Rusia, China, incluso Corea, las ansias de rapiña, las tonterías de la farándula (una extensa y memorable burla de los excesos de autopromoción de Sara Bernhardt), la hipocresía política, todo podría figurar, con algunos ajustes, en un diario o una recopilación de artículos de un buen periodista de hoy. A su vez el origen portugués de Eca de Queirós, el modo en que recuerda sus épocas de estudiante rebelde en Coimbra (o en que idealiza la sencillez aldeana en el remate de "A propósito de la teoría de Monroe y el nativismo"), le dan un punto de vista particular.
Lo bueno de estos textos es que no permiten el entusiasmo ideológico fácil. Es cierto que el análisis de un artículo del Times de Londres sobre Brasil capta su poco oculta ambición imperial. O que cuando analiza la "teoría de Monroe" da argumentos para oponer al imperialismo (empezando porque la famosa "América para los americanos" tendría que ser para los indígenas y no para los hijos de los europeos). Pero el mismo entusiasta puede sentir herida su sensibilidad por el filo con que desecha el nativismo: "El nativismo de la América española supone siempre un envidioso sentimiento de mulato, que tiene alma mulata y que ha fracasado".

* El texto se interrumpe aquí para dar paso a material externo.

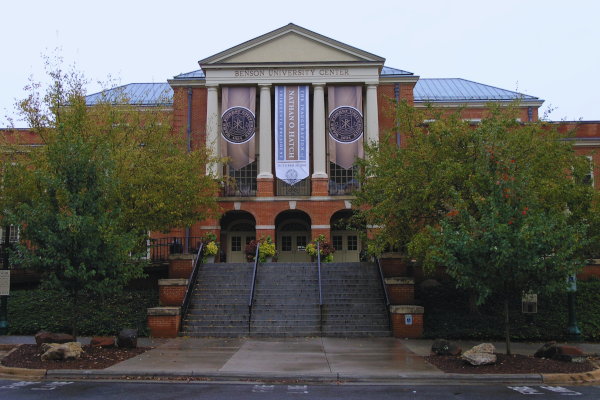 Private Colleges Had 58 Millionaire Presidents in 2015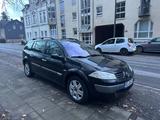Renault Megane Grandtour Dynamique 2.0 16V Dynamique - Renault Megane aus 2005: Kombi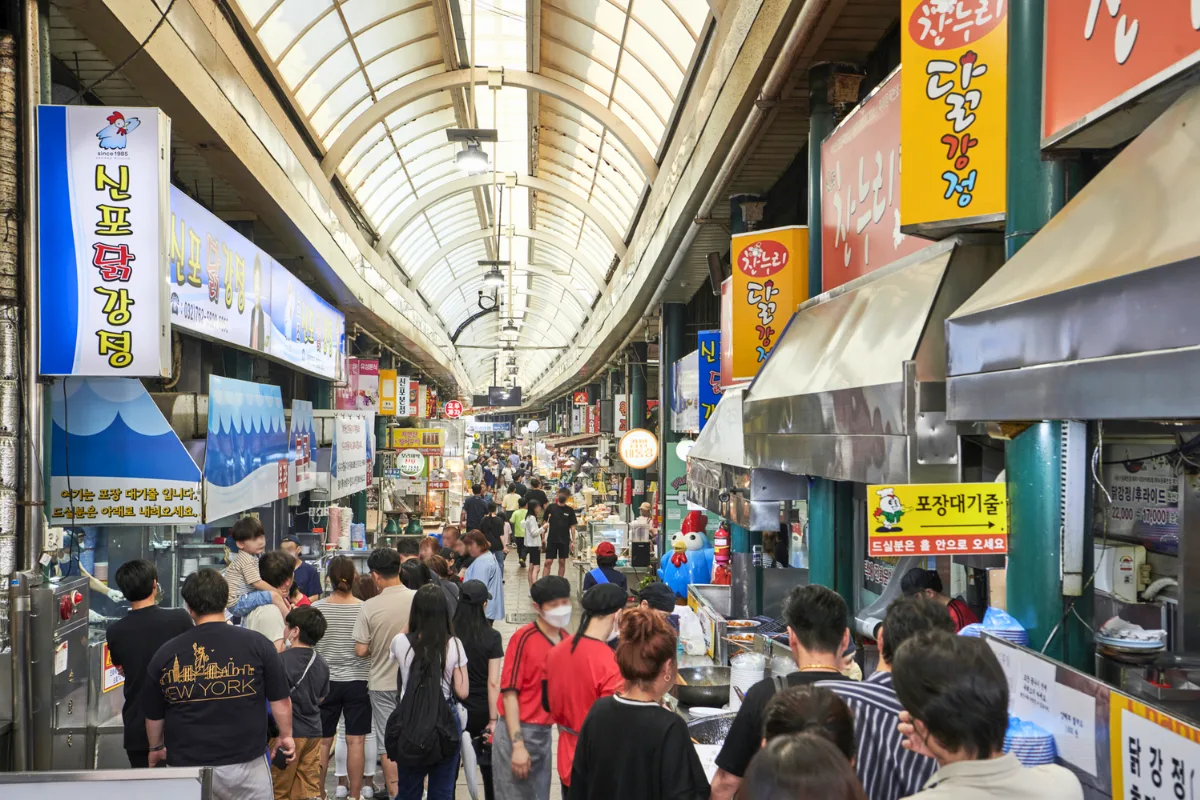 Tour Hàn Quốc 5N4Đ đón đông đầu mùa – khám phá chợ quốc tế Sinpo Incheon nhộn nhịp và đa sắc màu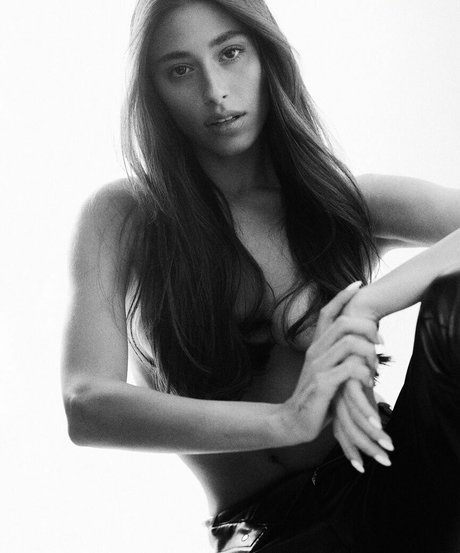 Avital Shwartz pornstar nude pic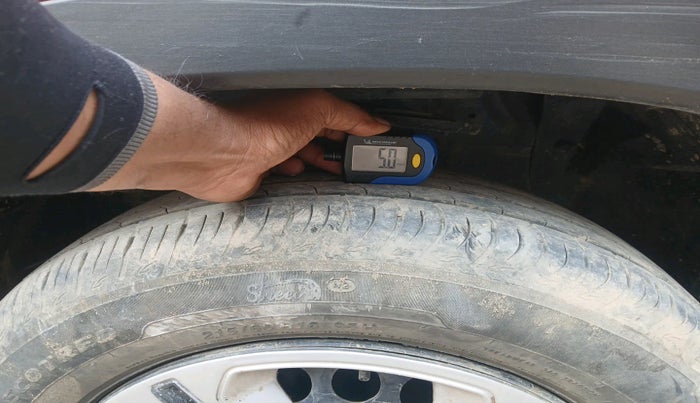 2018 Maruti Vitara Brezza VDI (O), Diesel, Manual, 91,198 km, tyre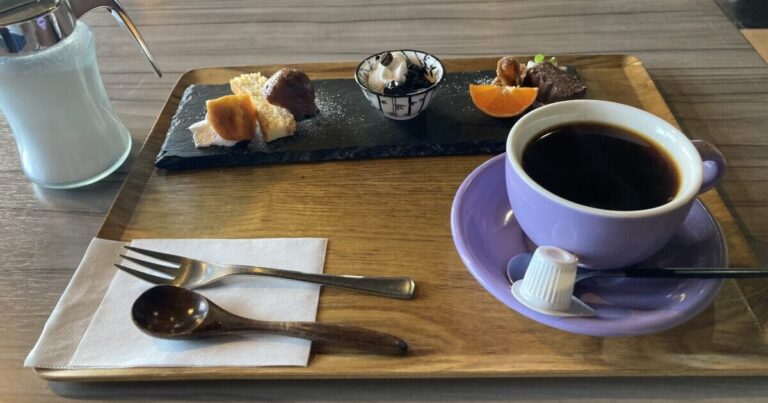 川の見えるノスタルジックな喫茶店「マウンテン」｜山口県岩国市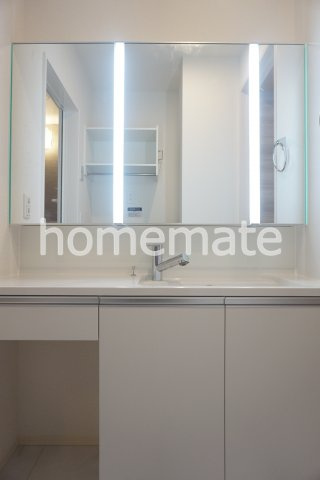 熊本市南区平田２丁目のアパートの独立洗面台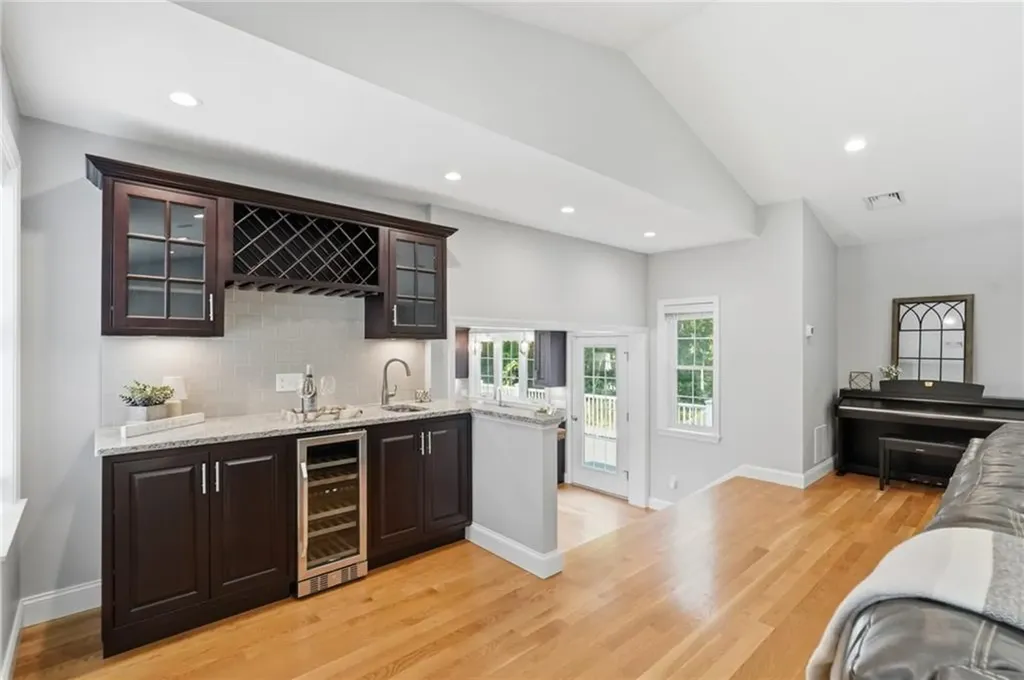 10 Stirling Drive Glocester RI 02857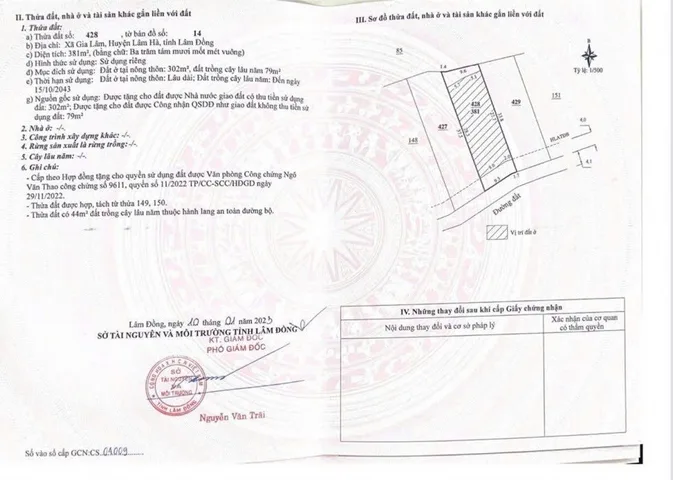 Bán đất ở xã Nam Ban Lâm Hà. Cách Sân Bay Đà Lạt 20km. View đẹp. Giá 750 triệu ( TL). hơn 380m2. ngang mặt tiền 11m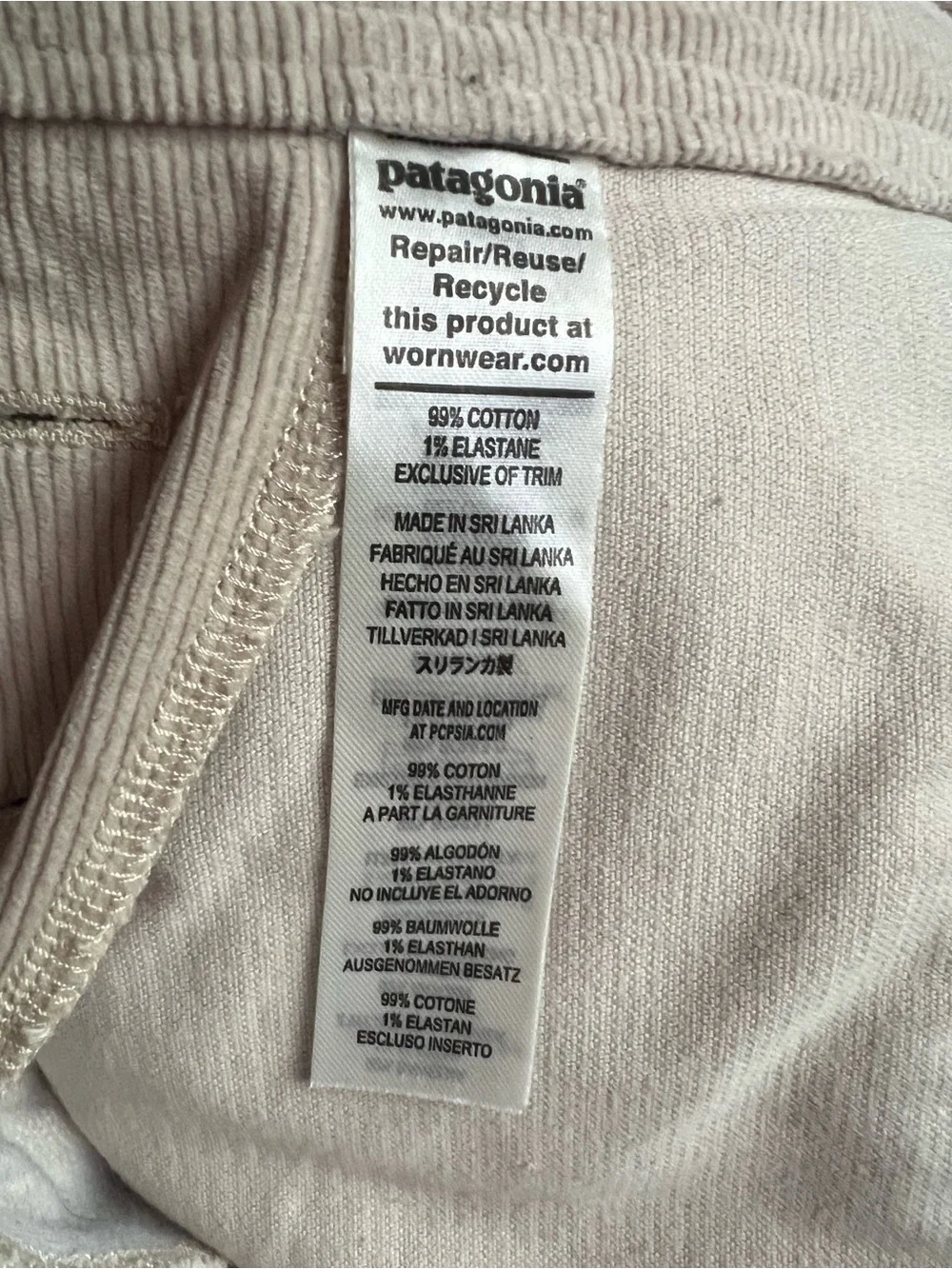 Patagonia Women's Sz 8 Stand Up Cropped Corduroy Overalls in Beige/Tan Wide Leg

Es en ese tipo de frases donde el lector, que se ha reído, escandalizado, aprendido y admirado, recuerda que nos separa de esas palabras más de un siglo. Menos sujeto a la época es su tono de ensayista. Por ejemplo cuando desmenuza en "A propósito de Thermidor" el desgaste de una revolución (la francesa), aplicable a revoluciones posteriores. O el teorema que establece en "Las catástrofes y las leyes de la emoción", donde amontona pruebas de que la distancia apaga el shock, el llanto, incluso el mero interés. Menciona la muerte de un mandarín chino por un rayo, lejos, y explica: "No han ondulado hasta nosotros las ondulaciones acústicas o emotivas. Así que, con absoluta placidez, murmuramos: `Ha habido en Pekín un gran trueno y, tiene gracia, ¡un mandarín se ha quemado!". En cambio una rueda de vecinos va oyendo noticias cada vez más cercanas, y se sobresalta cuando oye que Luisa Carneiro, de Bela Vista, a la que conocen, "¡Esta mañana! ¡Se ha roto un pie!", y se ponen en movimiento, conmocionados.
Lo memorable de ambos libros es su carácter doble: están escritos a la vez por un portugués y un europeo que sigue mirando al mundo, por una parte. Y por la otra, por un periodista enterado y culto, a la vez escritor, narrador. Del chispazo entre las mitades surge su carácter fresco, y múltiple en las estrategias para enfocar un tema.
CARTAS DE INGLATERRA y DESDE PARÍS (Crónicas y ensayos 1893-1897), de Eca de Queirós. Acantilado, 2005 y 2010. Barcelona, 195 y 213 págs. Distribuye Gussi.